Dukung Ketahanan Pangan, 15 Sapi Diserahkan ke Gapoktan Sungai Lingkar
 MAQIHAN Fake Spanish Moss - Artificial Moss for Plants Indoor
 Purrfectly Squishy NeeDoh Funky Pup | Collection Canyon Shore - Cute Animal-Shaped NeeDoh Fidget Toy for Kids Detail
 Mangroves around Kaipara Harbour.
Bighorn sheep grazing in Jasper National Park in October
--------------------
WHAT YOU WILL DO: Output the full listing without altering anything.

RESULT:
Dukung Ketahanan Pangan, 15 Sapi Diserahkan ke Gapoktan Sungai Lingkar
 MAQIHAN Fake Spanish Moss - Artificial Moss for Plants Indoor
 Purrfectly Squishy NeeDoh Funky Pup | Collection Canyon Shore - Cute Animal-Shaped NeeDoh Fidget Toy for Kids Detail
 Mangroves around Kaipara Harbour.
Bighorn sheep grazing in Jasper National Park in October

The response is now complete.